____ Information shown
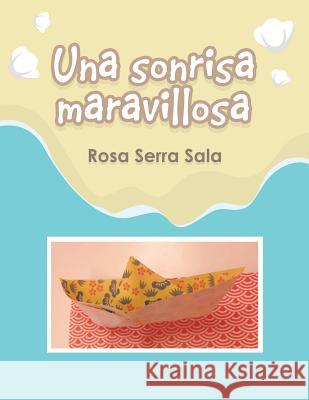 Una Sonrisa Maravillosa Rosa Serra Sala 9781506528397 Palibrio
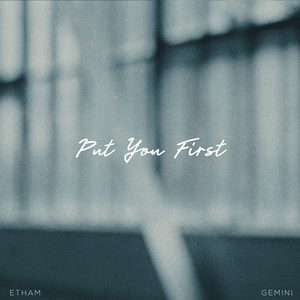 Put You First - Etham (Ft. GEMINI (제미나이))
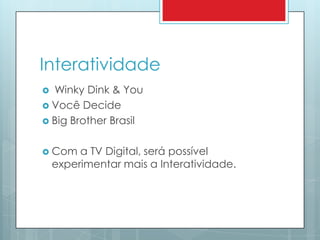 InteratividadeWinkyDink & YouVocê DecideBig Brother BrasilCom a TV Digital, será possível experimentar mais a Interatividade.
________
▶ **What to produce**: Transcribe the listing word for word, but keep its pictures out of the copy.

▶ **Reply**:
 Una Sonrisa Maravillosa Rosa Serra Sala 9781506528397 Palibrio
 Put You First - Etham (Ft. GEMINI (제미나이))
 InteratividadeWinkyDink & YouVocê DecideBig Brother BrasilCom a TV Digital, será possível experimentar mais a Interatividade.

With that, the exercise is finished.